PRODWeeklyThis pipeline is scheduled to run once a week on the production branch
PRODDailyThis pipeline is scheduled to run once a day on the production branch
PRODHourlyThis pipeline is scheduled to run once every hour on the production branch
QADailyThis pipeline is scheduled to run once a day on the QA branch
QAHourlyThis pipeline is scheduled to run once every hour on the QA branch
DEVDailyThis pipeline is scheduled to run once a day on the DEV branch
DEVHourlyThis pipeline is scheduled to run once every hour on the DEV branch

Merging from one shared branch to another

When merging new features from one shared branch to another, such as from QA to production, features not ready to be deployed to production could also be in QA and will, consequently, be merged into production. In most cases, this scenario does not occur because all features in QA are expected to be deployable to production. However, there is sometimes a use case for merging a single feature (Feature A) from QA into production, leaving the rest (Feature B) behind. There are the following three options to merge the single feature into production:

  • Manual control: In other words, don't accept the merge request for feature B until feature A is already in production
  • Cherry-picking: Manually select the files from QA that relate to Feature A but not to Feature B and merge Feature A's files to production
  • Create the merge request from a particular commit SHA or the point on the QA branch where feature A is present, but feature B is not

Cherry-picking is your best option in this scenario.

Dev and Feature Branch Databases

As described at the outset of this text, environment management is crucial to DataOps. This is true not only for long-lived branches like prod, QA, and dev but also for short-lived feature branches.

Consider how DevOps is used for modern software development. One of the best use cases for DevOps is the ability to cut a branch of your source code, develop a new feature, run a CI/CD pipeline that builds your application, and then deploy it to a Kubernetes cluster to run the software application.

A feature branch is not trivial, nor is it a toy environment. It looks, feels, and works exactly like the production environment. This is critical for the developer and stakeholders to test additions to the codebase work before tearing it down for the next iteration.
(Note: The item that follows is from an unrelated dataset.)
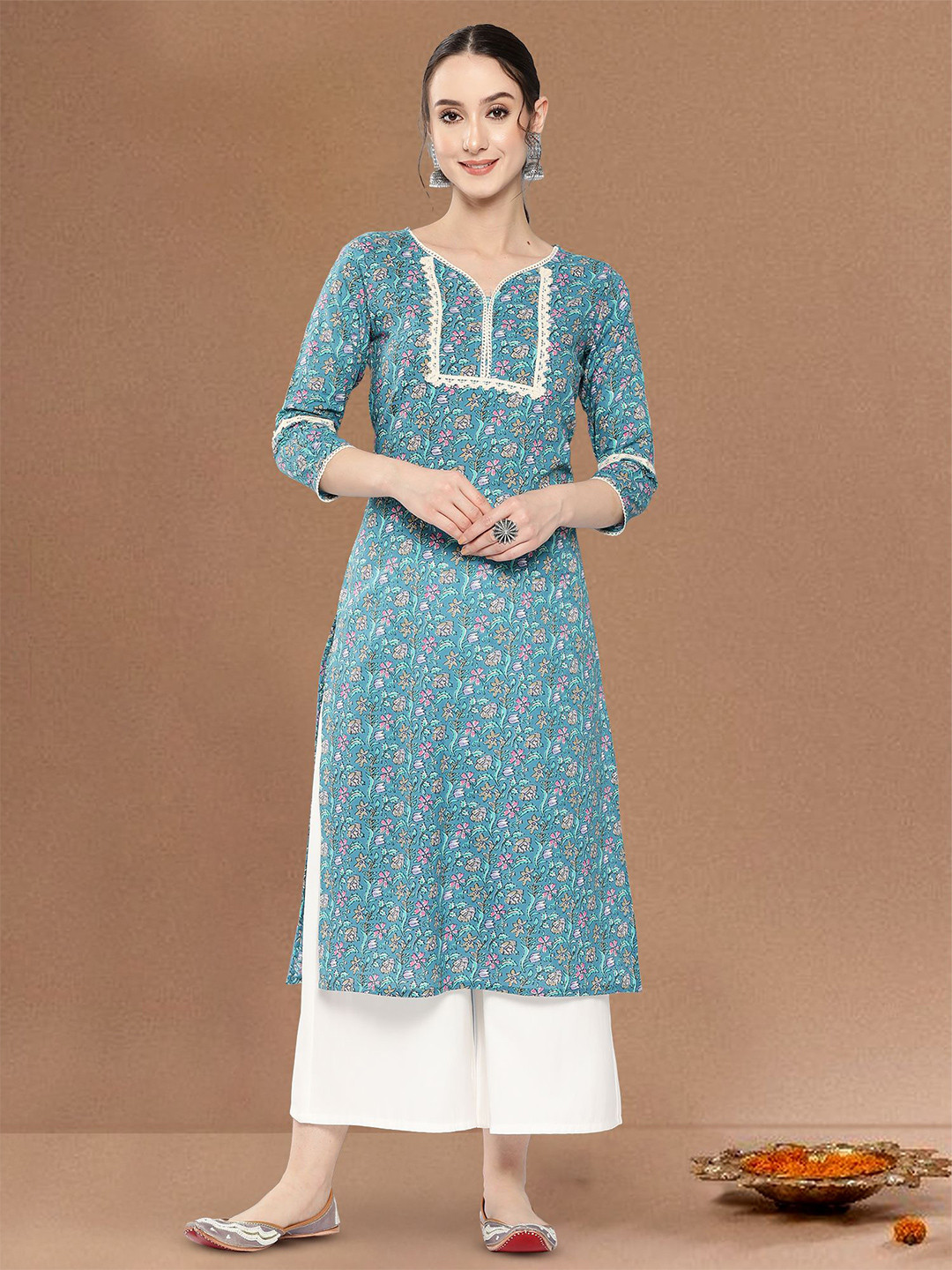 Varanga Floral Printed V-Neck Cotton Straight Kurta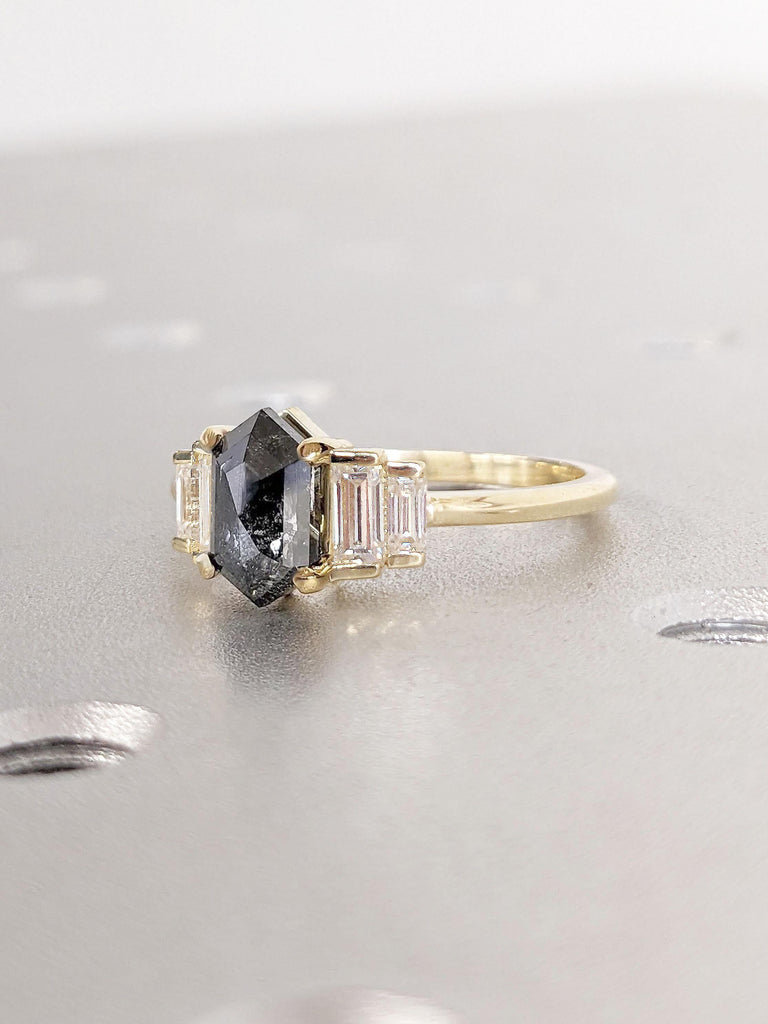 0.5ct Hexagon cut Salt and Pepper Grey Diamond Engagement Ring | 14k Gold Rings for Women | Five Stone Wedding Anniversary Ring for Wife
DataOps does precisely this with data. Cutting a branch of your data ingestion, modeling, and transformation code and then building it requires creating a new fully-featured data warehouse that works just like the production data warehouse.

Feature branches must be isolated from production to allow for development and testing before being torn down for the subsequent development and testing iteration cycle.
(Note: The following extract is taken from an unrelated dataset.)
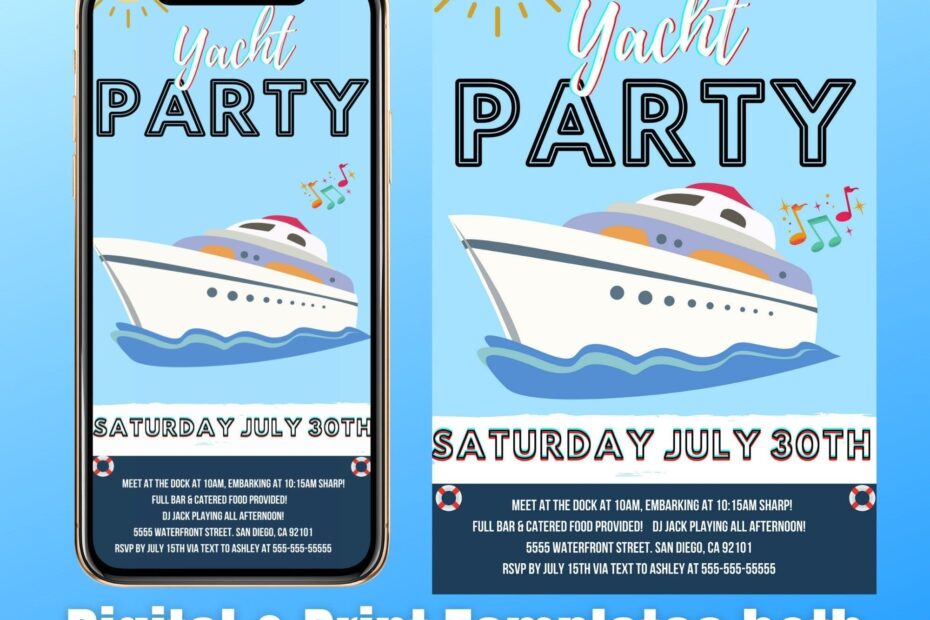 Yacht Party Invitation Template Boat Party Invitation Template Yacht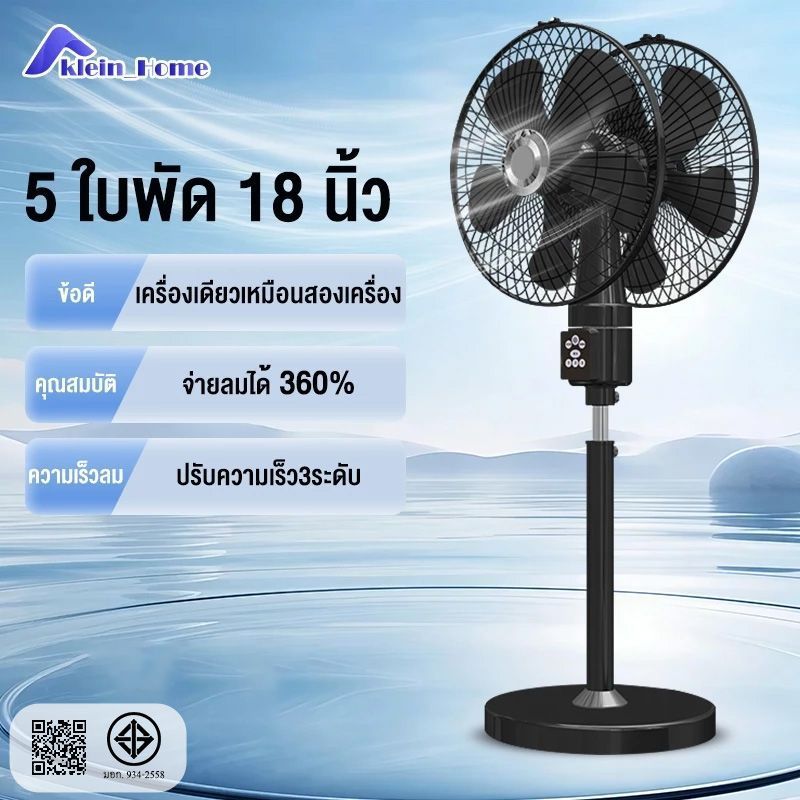 Klein_Home พัดลมอุตสาหกรรม หัวคู่ 18 นิ้ว 5 ใบพัด ลมแรง 3 ความเร็ว หมุนได้ 360 องศา ใช้งานตามแผงขายอาหาร ครัวเรือน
Snowflake performs the same role as Kubernetes in the DataOps platform architecture. It is the elastic environment where we can deploy any number of fully isolated and secure instances, in this case, a Snowflake deployment from the database to any other Snowflake object.

DataOps automatically leverages Snowflake zero-copy clone to create such an isolated working environment for your feature branch data warehouse. The feature branch is based on the most recent production database. This can be configured in your project's database configuration. The described default behavior for projects created from the DataOps Template Project is:

{# For non-production branches, this will be a clone of production #}
{% if (env.DATAOPS_ENV_NAME != 'PROD' and env.DATAOPS_ENV_NAME != 'QA') %}
from_database: "{{ env.DATAOPS_DATABASE_MASTER }}"
{% endif %}

comment: This is the main DataOps database for environment {{ env.DATAOPS_ENV_NAME }}

The {% if ... %} condition ensures cloning is only performed for dev and feature branches. The from_database key defines the source database to clone. The value of env.DATAOPS_DATABASE_MASTER is the name of the production database.